SEVENTEEN DIE IN WEEKEND AUTO MISHAPS—by The Associated Press

            Seventeen persons died in accidents during the weekend in Georgia, all of them in traffic.
            A head-on collision on Interstate 95 at College Park killed two persons Sunday night.  Police identified the victims as Lonnie L. Waller, 19 and eight months old Demitrion Brown.
            Another College Park accident killed Stephen M. Griffith, 22, Saturday.  Police said his car collided with an earth moving machine.
            Steve Cross, 30, of Macon died Saturday night when he lost control of his car and rammed into a parked tractor trailer truck in downtown Macon.
            A head-on collision Saturday killed 31 year old Clara Dunson and 5 year old Lisa Erwin, both of Bogart.  The accident occurred north of Bogart.
            The state patrol said Wiley Martin, 39, of Waynesboro died Saturday night when his car went out of control on Georgia 56 about five miles south of Waynesboro.
            Pedestrian accidents killed two Georgians, George Lively, 21, of Doraville, was struck and killed by a car near the Atlanta city limits on Nesbitt Ferry Road late Saturday.  And William Turner, 45, of Lake Park was struck and killed about seven miles north of Statesville on Georgia 11 in Echols County.
            A two-car collision just east of Sumner on U.S. 83 took the life of three year old Joe Isaza on Saturday.

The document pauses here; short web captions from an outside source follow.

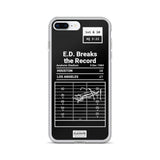 Greatest Rams Plays iPhone Case: E.D. Breaks the Record (1984)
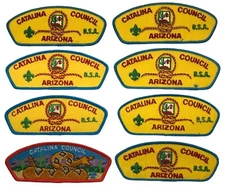 Catalina Council AZ Lot of 8 Mint CSP Patches (SA167)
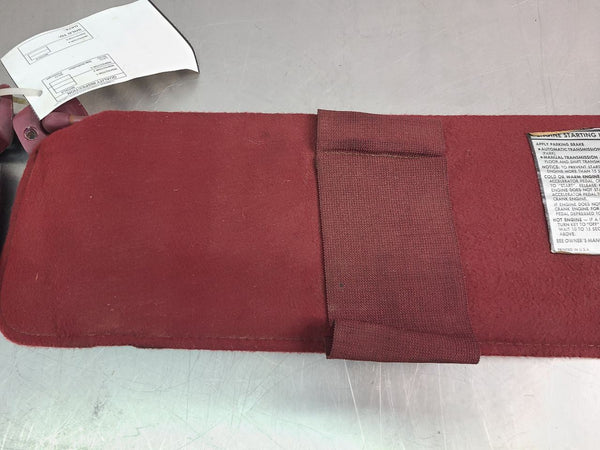 1988-94 GMC Chevy Truck Front Sun Visor Pair, Left and Right, Red - OEM2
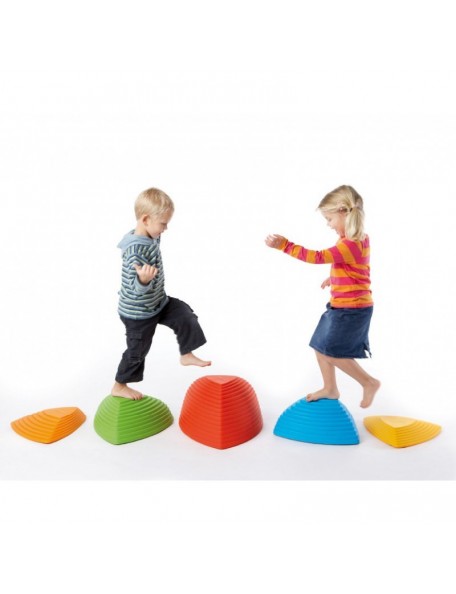 Set de 5 collines de rivière d'équilibre pour les enfants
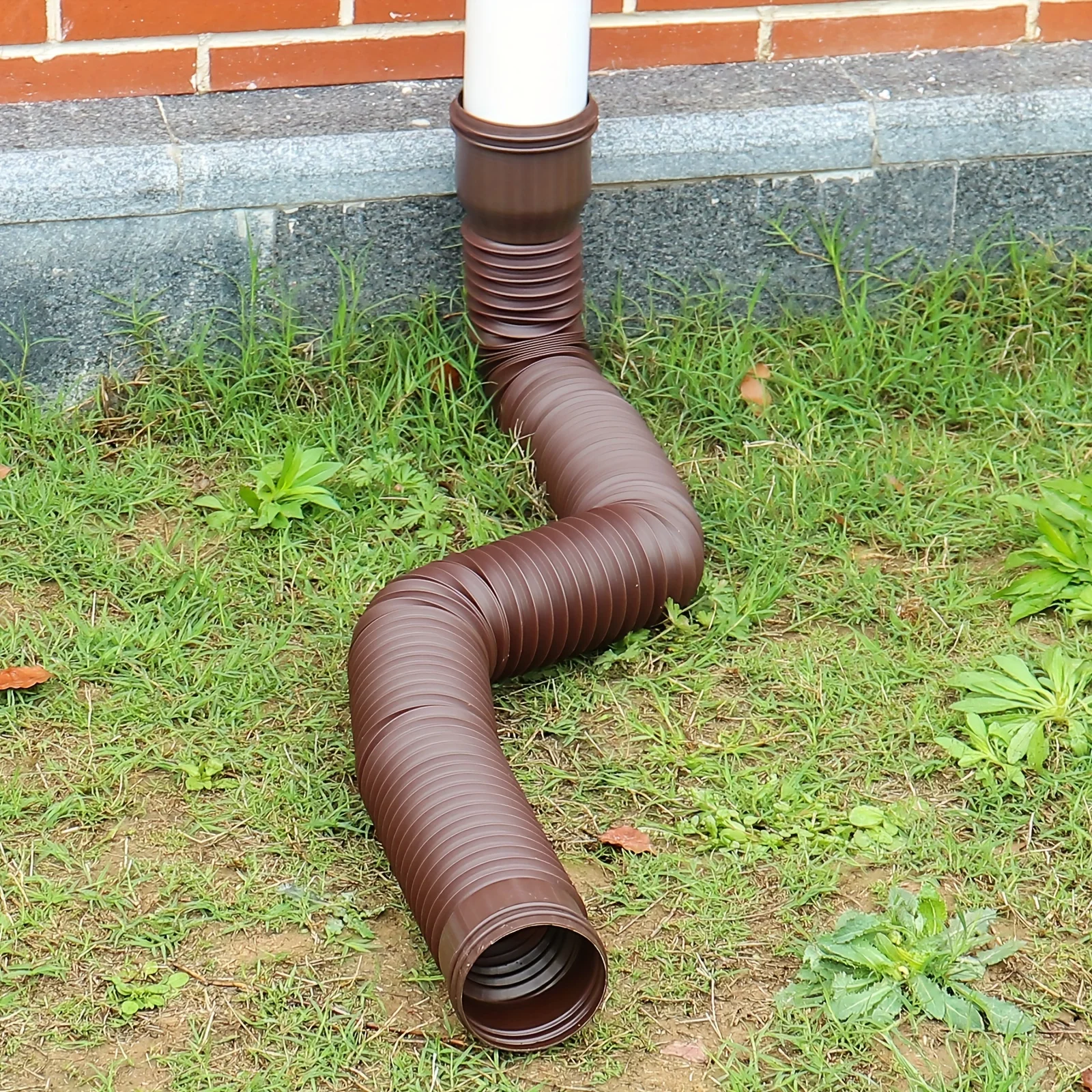 1PCS Rain Gutter Downspout Extensions Connector Down Spout House Gutter For Rainwater Drainage System Accessory Adjustable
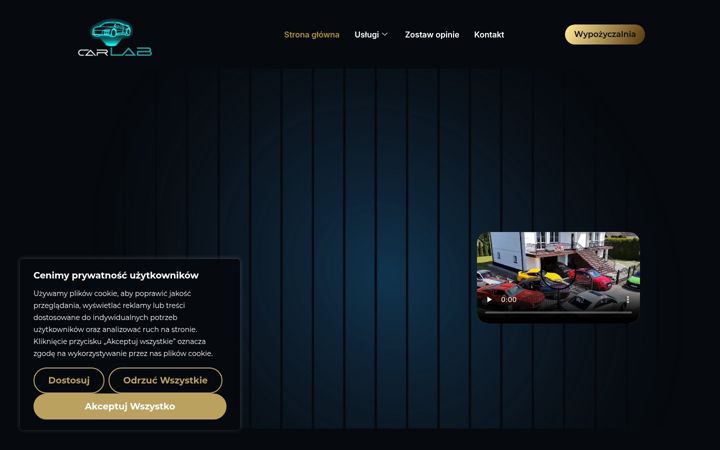 Screenshot of carlabcustoms.pl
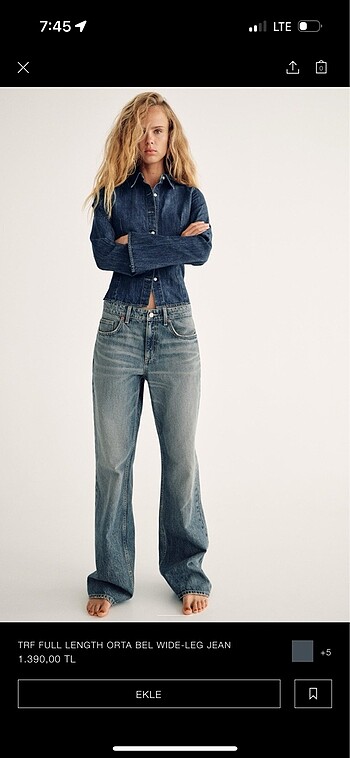 ZARA JEAN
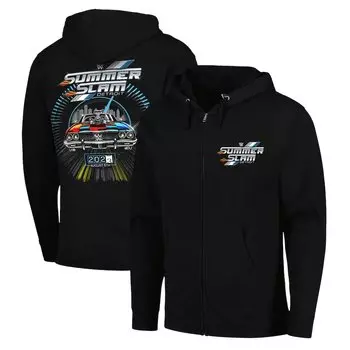 Толстовка на молнии WWE Authentic Summerslam, черный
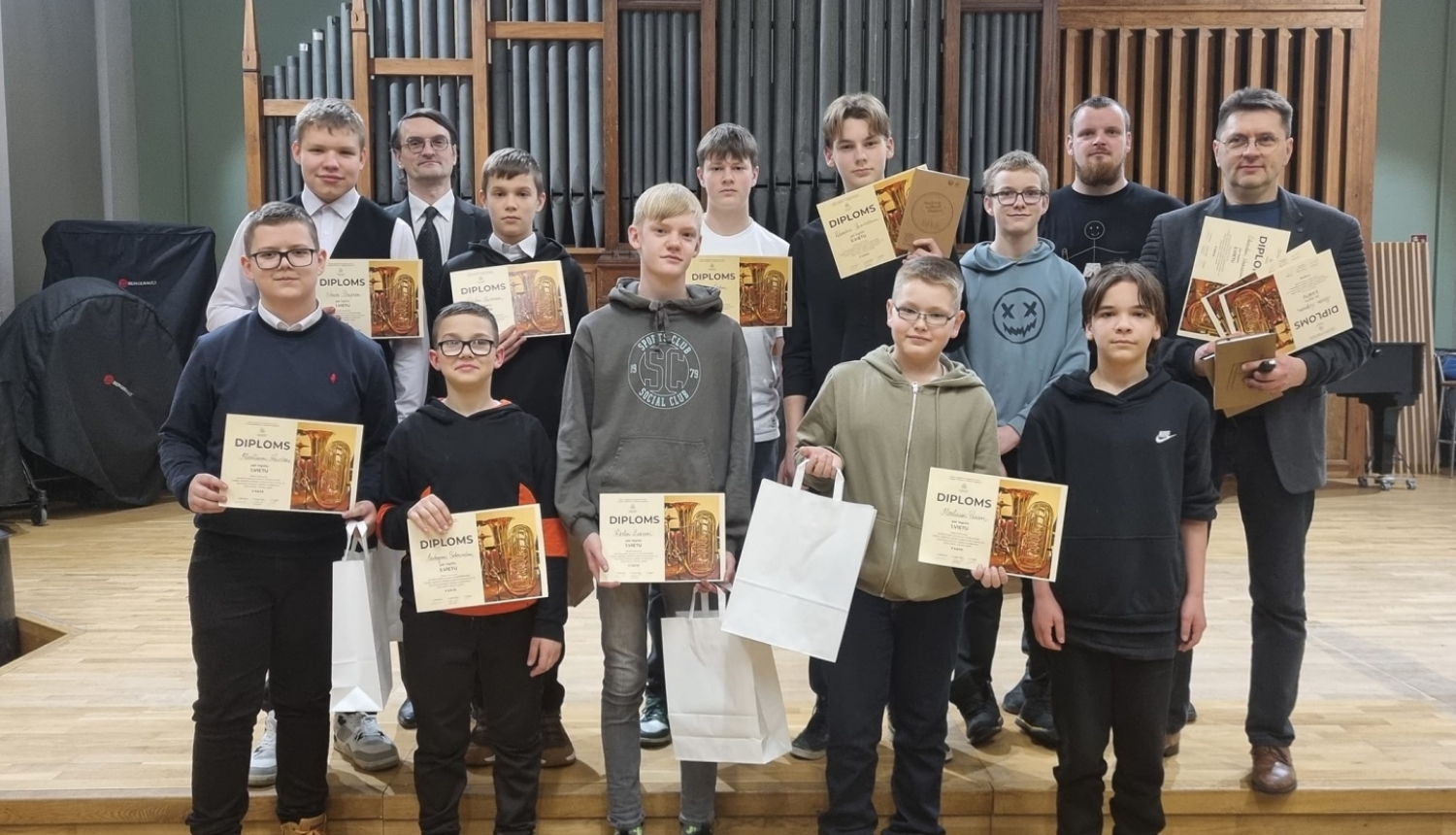 Balvu Mūzikas skolas audzēkņi piedalās  Pūšaminstrumentu un Sitaminstrumentu spēle Valsts konkursa II kārtā Rēzeknē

            Killed in a head-on collision two miles west of Clayton on Georgia 2 was Hayne Sanders, 36, of Hiawasee.
            A head-on wreck on a Brunswick causeway killed three men.  They were identified as Dennis Williams, 28, Lester Grovner, 29, and Timothy Hillery, 25, all of Brunswick.
            Early Saturday, a hit and run driver struck and killed 26 year old Robert Michael Maddox of Lanett, Ala.  He was walking along Georgia 103 about seven miles south of West Point.
            Ricky Proctor, 18, of Dawsonville, was killed Saturday when his car went out of control on a curve and struck an embankment about four miles north of Dawsonville on U.S. 19.
            One year old Christie Lavon Holden of Moultrie died in a three-car accident Friday night near Moultrie on Georgia 33.
            The Associated Press counts accidental deaths each weekend from 6 p.m. Friday until midnight Sunday.